Just like they did in 2003, these narratives have set the stage for escalation on the ground. In April, KSS publicly threatened to strike Turkish bases in Iraq unless Baghdad reined in Turkish military operations on Iraqi soil, which have recently intensified despite ongoing negotiations over the implementation of a Turkey-PKK peace agreement. This threat followed demands from AOR-affiliated Iraqi parliamentarians for an investigation into Sunni and Christian PMF units in northern Iraq accused of being armed and trained by Turkey in exchange for intelligence, a narrative promoted at length by AOR media.
Figure 2: AAH-affiliated Media accuses PMF units in Nineveh of serving Turkish interests
Another prevalent theme is the illegitimacy of the new Syrian government, portrayed by Iraqi AOR media as a terrorist regime. These narratives often focus on Syrian Interim President and former Hay’at Tahrir al-Sham (HTS) leader Ahmed al-Sharaa, who previously fought for al-Qaeda in Iraq before founding its Syrian offshoot in 2011. Although Sharaa eventually severed ties with al-Qaeda to form HTS, he continued to wage insurgency against Assad alongside other Syrian opposition factions. After over a decade of fighting both the regime and his former jihadist allies, HTS seized control of Damascus in late January 2025.
Since coming to power, Sharaa has worked to distance himself from his jihadist roots by promoting a narrative of inclusive governance. He has ditched his traditional military garb for refined suits and watches during interviews and diplomatic visits to cultivate a persona palatable to Western audiences. Sharaa has also gone to great lengths to reinforce this narrative of transformation domestically, even dropping roses from helicopters previously used by Assad to drop barrel bombs on his opponents.

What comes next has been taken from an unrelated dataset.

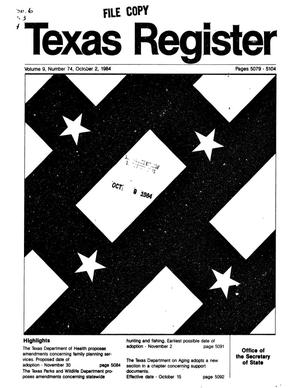 Texas Register, Volume 9, Number 74, Pages 5079-5104, October 2, 1984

Yet many observers were initially skeptical of Sharaa’s perceived moderation. Facing a polished counter-narrative, AOR influence campaigns have leveraged this skepticism by referring to Sharaa by his jihadist pseudonym “al-Jolani” and equating HTS to ISIS. To reinforce this characterization, Iraqi AOR social media accounts spent much of February and March spotlighting claims of atrocities committed by the regime or its Turkish backers against Shia Awalites and other Syrian minorities. These posts were designed not only to incite domestic outrage in Iraq, but also to counter Western narratives celebrating Sharaa’s reforms. However, many of these reports were false, with some Christian communities even issuing notices not to believe certain claims. This social media activity foreshadowed the Assadist offensive that occurred in Syria in early March, which triggered an incredibly violent government crackdown that resulted in hundreds of civilian deaths, mostly Awalites. Iraqi AOR media has since continued to fuel this cycle of retaliatory violence amid ongoing sectarian clashes in Syria.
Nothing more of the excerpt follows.